Although this modification appears relatively innocuous, it substantially impacts the amount by which the network deviates from being a linear model. When $\alpha$ is very large, relatively small changes in the weights can lead to large changes in the output $f_\alpha$. The model is then well-approximated by its weight space linearization. This is called the lazy limit, kernel limit, or lazy training. Therefore at large $\alpha$, the network does not learn features.

By contrast, small $\alpha$ networks need to significantly change their weights to induce the necessary change in the output [10][11][12]. This is called the rich regime and allows for the network to learn features.

In order to keep the gradients from exploding or vanishing, one needs to scale the learning rate4 as $\eta \sim \alpha^{-2}$. Then, in each step of gradient descent one can show that the changes of the preactivations go as:

$$\Delta h_i^\ell \sim \frac{\eta\, \alpha}{\sqrt{N}} \sim \frac{1}{\alpha \sqrt{N}}.$$

We see that choosing $\alpha = 1/\sqrt{N}$ causes $\Delta h_i^\ell$ to remain order $1$ even as $N \to \infty$. This allows for feature learning at infinite width while keeping the network trainable. This is exactly the rescaling required to achieve $\mu$P.

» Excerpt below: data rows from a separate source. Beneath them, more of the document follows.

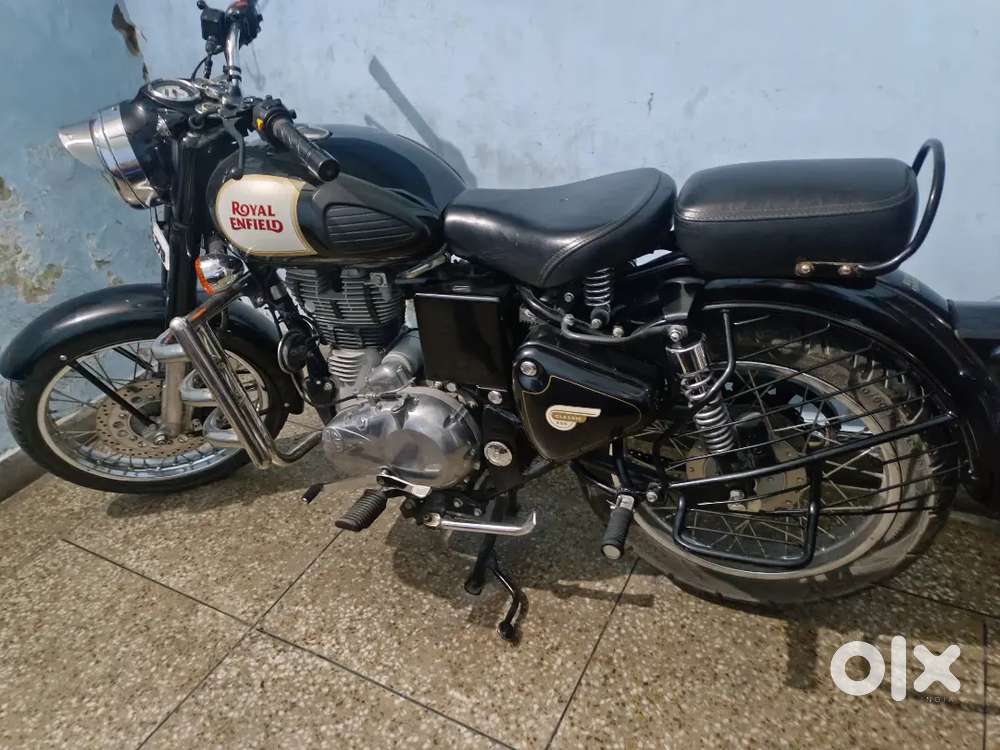 looking for a bike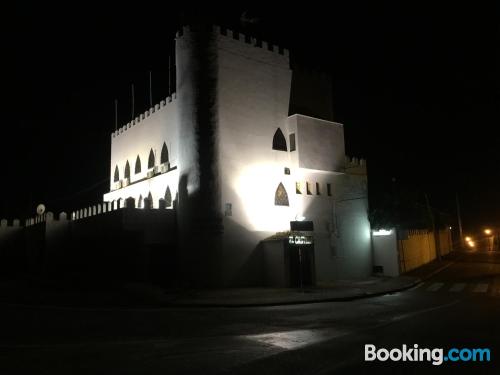 Appartamento con terrazzanel centro di Alcalá de Guadaira.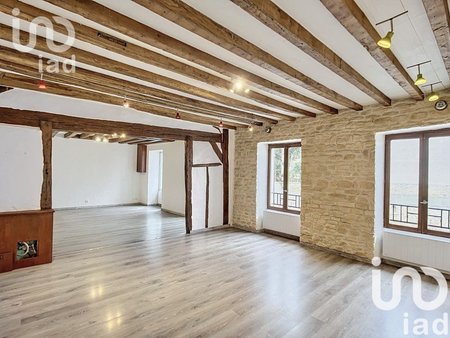 vente appartement 7 pièces de 135 m² à coulommiers (77120)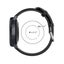 Leather Band for Garmin Forerunner 265 / 265 Music Carousel 6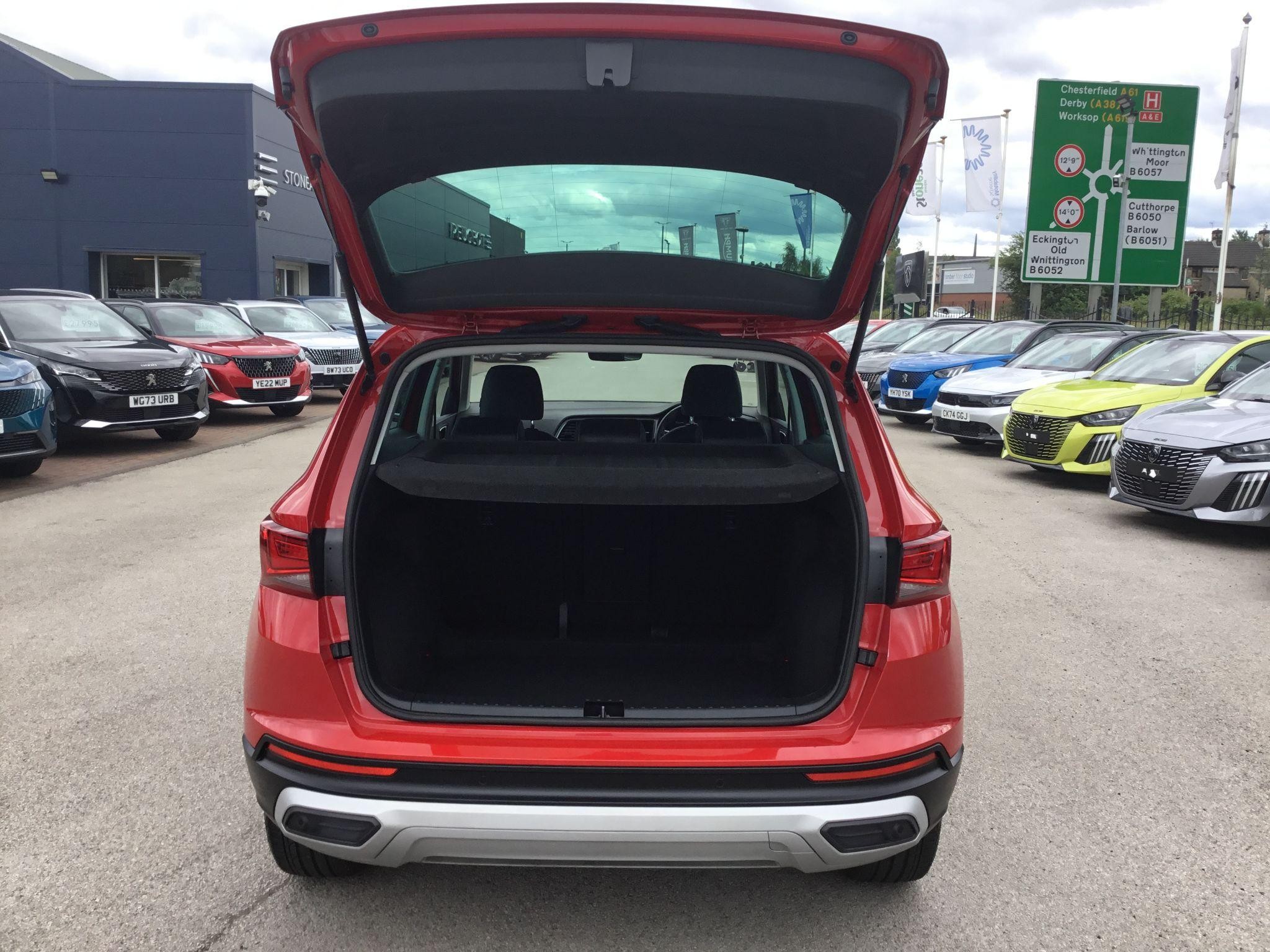 SEAT Ateca Image 9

The Infinite Width Feature Learning Limit

The $N \to \infty$ limit gives a dynamical system for preactivations $\mathbf h^\ell$ which can be characterized using a method from statistical physics, known as dynamical mean field theory (DMFT) [13]. Below we show a figure from that paper. We plot the correlation between preactivations $\mathbf x^\mu, \mathbf x^\nu$ across different layers $\ell$. $H^{\ell}_{\mu\nu} = \frac{1}{N} \mathbf h^\ell(x_\mu) \cdot \mathbf{h}^\ell(x_\nu)$ for pairs of samples $\mathbf x_\mu, \mathbf x_\nu$ across different layers $\ell \in \{1,…,5\}$ after training.


The architecture and dataset is just a linear neural network learning the first two classes of CIFAR. Despite this simple setting, already we see that the DMFT solution captures the network’s ability to learn features while the NTK limit cannot.

Convergence to the Feature Learning Limit

We have described two different infinite width limits of neural networks. From the point of view of a practitioner, what really matters is whether such limits are descriptive of realistic large models. We investigate this question empirically in our recent paper [14]. We find that $\mu$P networks approach their infinite width behavior at the scales used in practice, by contrast to NTK-parameterized networks.

We look at CNNs trained on vision tasks with millions of training examples (CIFAR-5M and ImageNet) as well as language modeling on Wikitext-103. We vary the width of models parametrized in $\mu$P so that they approach a well-defined feature learning limit.

Loss Curves

Below, we show that the loss dynamics for networks of varying width $N$ in $\mu$P all begin to coincide at sufficiently large $N$.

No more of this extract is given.